Christiana Abiodun Emanuel, born Abiodun Akinsowon (1907–1994), was a co-founder, along with Moses Orimolade Tunolase, of the Cherubim and Seraphim, an Aladura Christian denomination in Nigeria. After a schism in the church, she founded and led the Cherubim and Seraphim Society.

==Personal life==
Abiodun Akinsowon was born in 1907 in the Republic of Benin. In 1920, she left her home country to join her aunt in Lagos, Nigeria to train as a seamstress. In 1942, she married George Orisanya Emanuel, a civil servant working in Lagos City Council.

==Founding the Cherubim and Seraphim==
In 1925, while watching a Catholic Corpus Christi procession, Emanuel reportedly fell into a lengthy trance. She awoke from her coma after the healer Moses Orimolade arrived to pray for her. Waking, Emanuel claimed she had been visited by angels who had taken her to heaven. As increasing numbers of visitors came to hear of her visions, Orimolade founded an interdenominational prayer group called the Cherubim and Seraphim. In 1927, Emanuel led an evangelical tour of Western Nigeria, condemning the worship of traditional gods and encouraging Christian prayer. In 1928, they established the Cherubim and Seraphim as its own independent church, within the Aladura tradition.

==Schism and reconciliation==
In 1929, the Cherubim and Seraphim underwent its first schism, with Emanuel founding the Cherubim and Seraphim Society and Orimolade founding the Eternal Sacred Order of Cherubim and Seraphim. The split arose from disputes within the group over the role of female leadership. Emanuel demanded to be recognised as co-founder of the church. This was viewed by Orimolade, who denied she was co-founder, as insubordination, and led to their eventual split.

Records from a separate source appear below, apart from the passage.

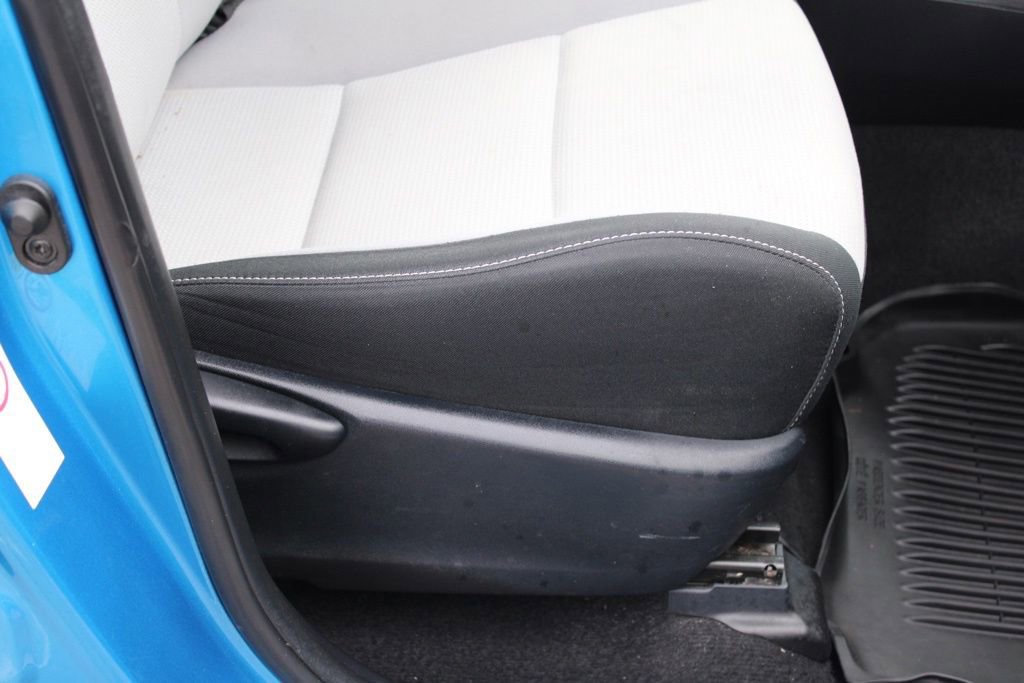 Used 2017 Toyota RAV4 XLE image 21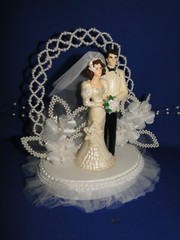 New Wilton Designer Series «NEW BEGINNING» Wedding Cake Top # 110-857
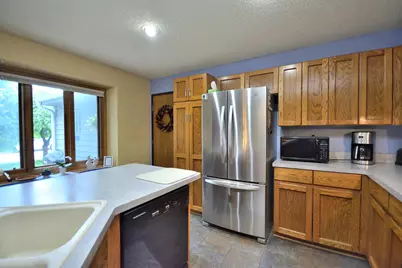 15651 W Ridge Rd, New Berlin, WI 53151 - Photo 11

This was followed by other schisms, leading to the existence of more than 10 separate sects within the Cherubim and Seraphim.

After Orimolade's death, Emanuel campaigned to be recognised as the supreme head of the church, claiming she had been discriminated against as a woman. In 1986, in an attempt to reunite the disparate groupings, she was reinstalled as leader of a united Cherubim and Seraphim Church.